Imagine making a traditional Sicilian pizza for dinner. You don’t want the same old flavor, so you experiment by adding a new ingredient like pears, chiles, or flavored olive oil. Sometimes, these new ingredients make the pizza taste even better, but other times, it might not taste as expected.
De novo mutations are similar. Everyone has more than 100 de novo mutations not inherited from either parent. When the DNA (new ingredient) is copied, changes occur (pizza flavor) and create genetic variations. Some variations might help an organism adapt to its environment, while others could lead to health issues or disease. Most de novo mutations are neutral, like adding a few basil leaves to your pizza.
Studying de novo mutations across generations, from parents to children, is essential for understanding how these genetic changes develop and evolve. However, the current method for identifying these mutations, short-read data sequencing, presents several limitations.
To mitigate the limitations of short-read sequencing, Harriet Dashnow, PhD, assistant professor of biomedical informatics at the University of Colorado School of Medicine on the CU Anschutz Medical Campus, as part of the Platinum Pedigree Consortium, integrated long-read data sequencing technologies like PacBio HiFi and Oxford Nanopore Technologies (ONT) to span large repetitive genome regions to call de novos they couldn’t before. The consortium included researchers from the University of Utah, University of Washington Genome Sciences, and PacBio.
Examining a larger portion of the genome enabled the team to gain insights into de novo mutations and trace their inheritance across generations. DNA samples were obtained from four generations of family members who were part of the International HapMap Project and the 1000 Genomes Project.
Long-read vs short-read data sequencing
Short-read data sequencing is a method that involves breaking the genome into small fragments, typically around 150 bases. While useful, this traditional method often leads to gaps in sequencing data because researchers can only analyze small portions of the genome at a time.
In contrast, long-read data sequencing can break the genome into thousands of fragments, typically 15,000 bases with PacBio HiFi. Dashnow explained, “Previous studies using short reads and focusing on non-repetitive regions found only 60-70 de novo variants per person. We saw more than double that when we could look at more of the genome. Part of that is because not only are we looking at more of the genome, but we’re also looking at the part of the genome that is more prone to mutations.” This capability allows researchers to assemble and analyze more repetitive and complex genome regions, providing a more complete picture. However, long-read sequencing is generally less accurate than short-read sequencing, leading to a higher potential for errors.
Exploring the highly mutable but hard-to-sequence tandem repeats
Dashnow was responsible for genotyping the tandem repeats. A tandem repeat is part of the DNA where a small segment of genetic code is repeated in a row. Researchers use them to track how genes are passed down in families. This helps identify genetic diseases. While tandem repeats only comprise about 9% of the genome, they contribute to most de novo mutations found.

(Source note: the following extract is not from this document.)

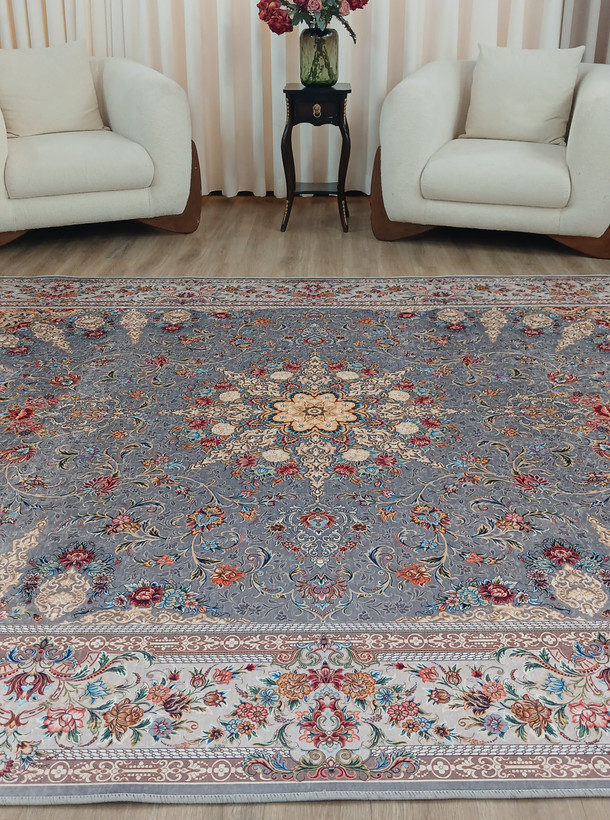 فرشینه طرح افشان طوسی خاکی و گلدار کد L 652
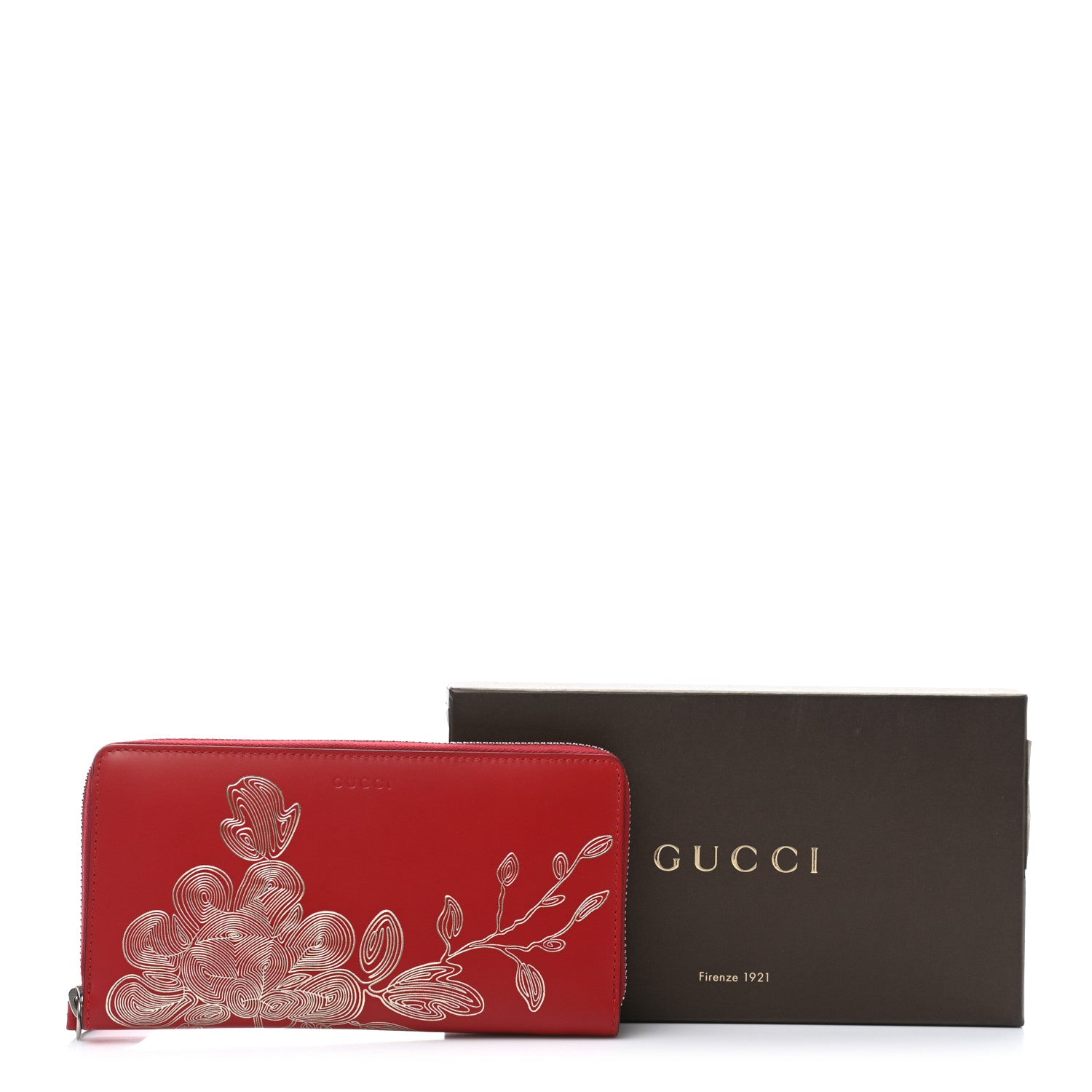 Gucci Calfskin Chinese New Year Zip Around Wallet Red 9 of 9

Because PacBio HiFi sequencing technology can often produce false positives, complicating the identification of genuine mutations, researchers, in collaboration with Tom Mokveld, bioinformatics scientist at PacBio and his team, created TRGT-denovo, a computational tool designed to detect all types of new TR mutations accurately—whether they expand, contract, or change—in family groups.
The research team studied eight family trios with suspected rare diseases and successfully identified relevant mutations. Their family structure confirmed the findings: if a mutation was found in one family member, they could also check the children to see if it was present.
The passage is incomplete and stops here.